* EXERCISE OBJECTIVE *
Write out the entire listing below exactly, with the pictures left out.
(SUPPLIED INFORMATION begins)
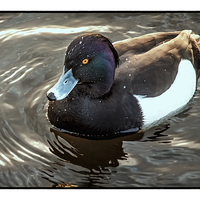 Buy canvas prints of Hidden Colours (Tufted Duck) by Leo Jaleo 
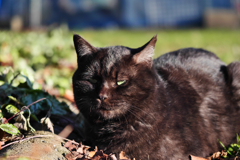黒猫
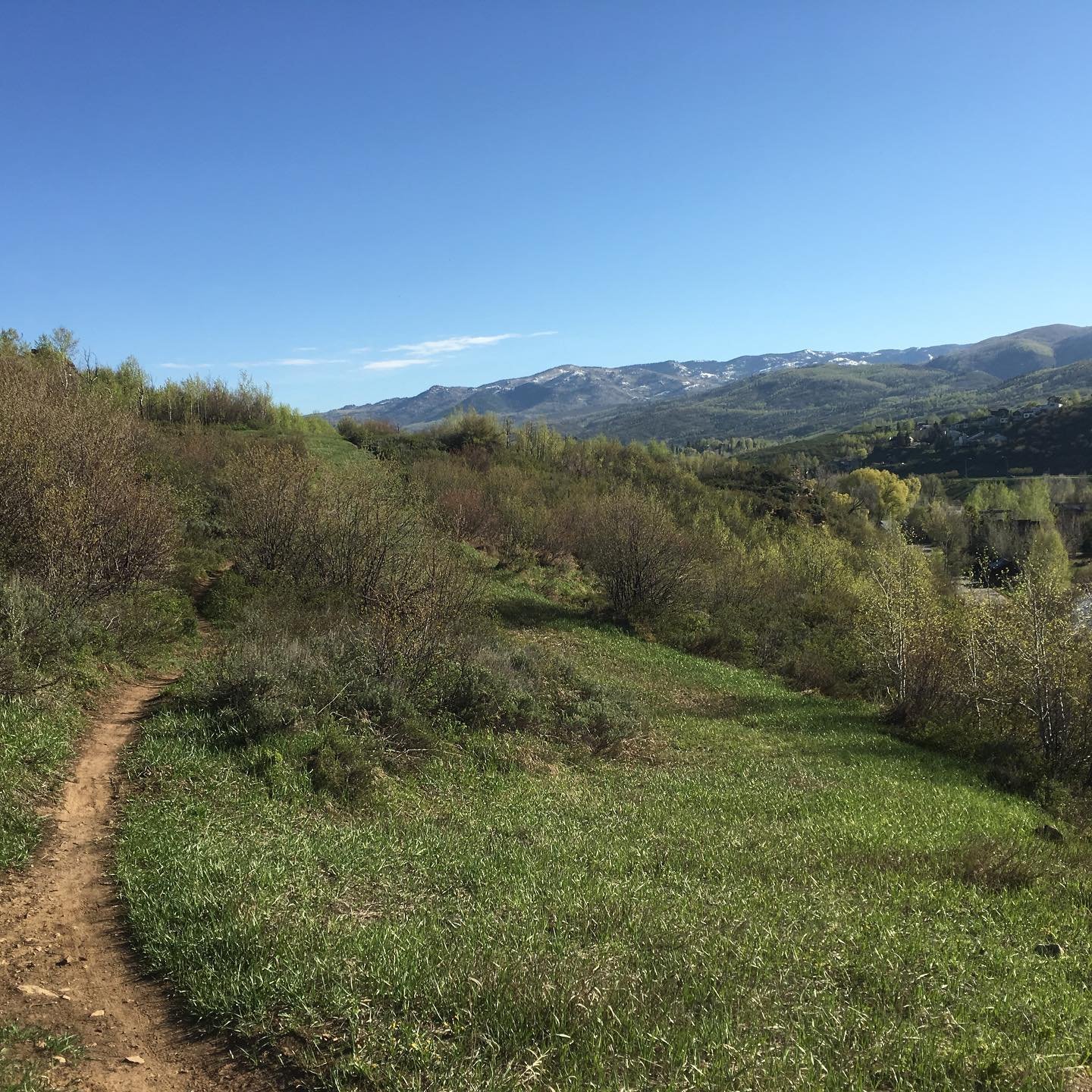 Another great morning in the Yampa Valley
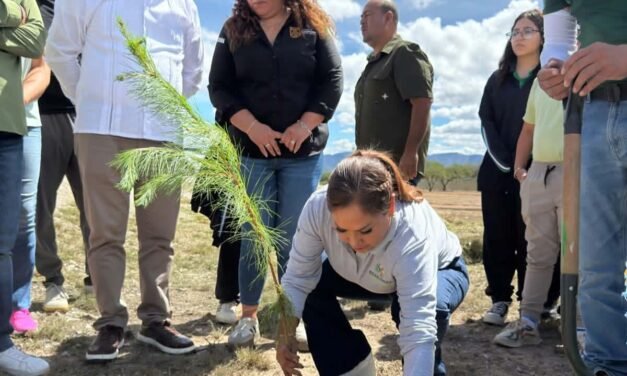 GOBIERNO DEL ESTADO AMPLÍA ÁREAS VERDES CON REFORESTACIÓN EN PARQUE LAS CAMELIAS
(SUPPLIED INFORMATION ends)
* ANSWER SPACE *
 Buy canvas prints of Hidden Colours (Tufted Duck) by Leo Jaleo 
黒猫
 Another great morning in the Yampa Valley
 GOBIERNO DEL ESTADO AMPLÍA ÁREAS VERDES CON REFORESTACIÓN EN PARQUE LAS CAMELIAS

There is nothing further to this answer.